Retail revenue fell 4.2% year over year, with the latter part of the quarter seeing the largest drop. This could be bad news for Canadian Tire stock. It seems these results could bleed into the next quarter as well.
Total revenue for the quarter fell 3.4% year over year to $4.26 billion, hitting consensus estimates, according to Refinitiv data. Net income also fell to $206.5 million from $218.2 million the year before. Adjusted earnings per share hit $3.08, compared to $3.09 in 2022.
“As inflation persisted and rate hikes continued, consumer demand for discretionary goods softened, particularly in the latter half of the quarter, and Canadians shifted to more essentials within our multi-category assortment … During this time of macroeconomic uncertainty, Triangle Rewards remains our most important driver in delivering value for our customers.”
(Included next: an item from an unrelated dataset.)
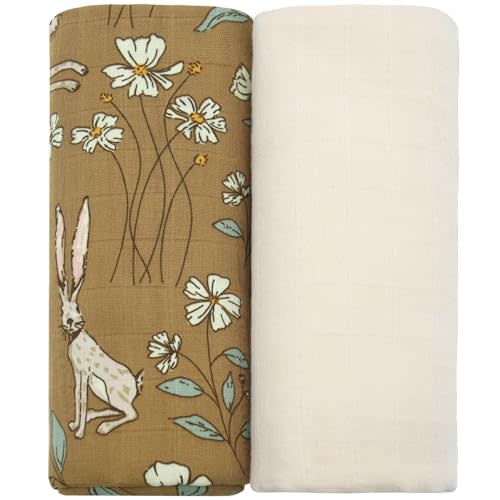 LifeTree Muslin Baby Swaddle Blankets, Swaddling Neutral Newborn Receiving Blanket for Boys & Girls, 70% Viscose from Bamboo and 30% Cotton, Large 47 x 47 Floral with Bunny Print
President and chief executive officer of Canadian Tire Greg Hicks.
So what?
As mentioned, this could mean that Canadian Tire stock could see further issues in the near future of its next quarter. We’re in the midst of summer, when home improvement and sporting goods sales should really be thriving. Instead, they’ve dwindled to far less than the year before.
Given this, the retail stock stated it would be withdrawing its financial targets for 2022 all the way until 2025. In this time, it should allow the retailer to fight back against high inventory costs along with strained consumer spending.
Now what?
Despite the current economic headwinds of high inflation and consumer spending, Canadian Tire stock stated that it would remain committed to its long-term goals. So, with these recent results, what should investors think?
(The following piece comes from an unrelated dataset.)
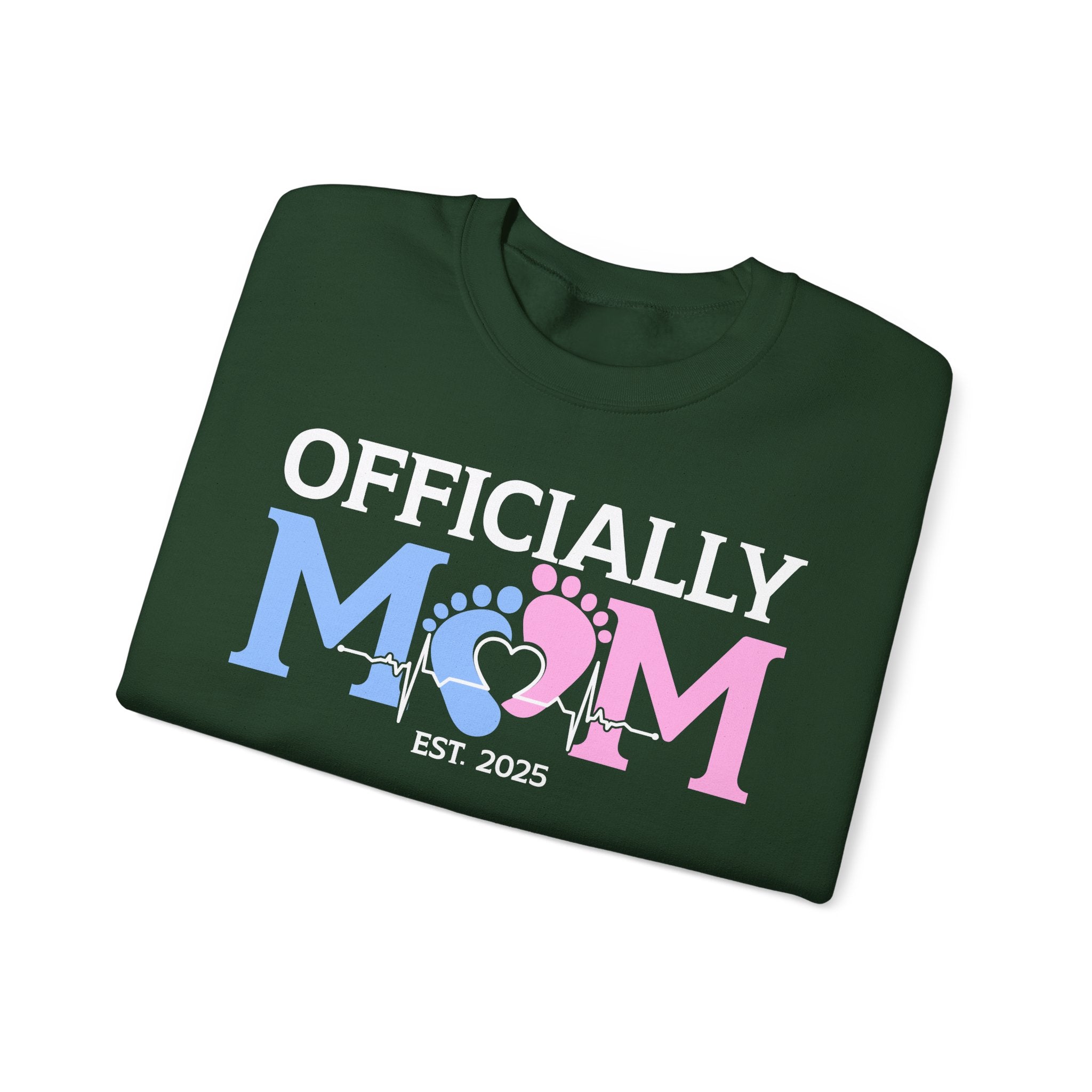 Officially Mom, Cute Pregnancy Announcement Maternity Sweatshirt with Est. Date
To me, it would be a wait-and-see decision. Canadian investors need cash right now, so investing in a company that’s a bit indecisive about what the future looks like is likely not a great option right now. That being said, if you hold Canadian Tire stock, I wouldn’t necessarily say you should sell it, either.
The selloff isn’t likely overdone at just 4%, with the company showing it’s being responsible by stating it will need to reconfigure its outlook. Meanwhile, if you hold the stock, you’re still receiving a dividend of $6.90 per share.
So, even though Canadian Tire stock is down right now, it’s sure to slowly climb back up once more. It’s just unclear when that might be.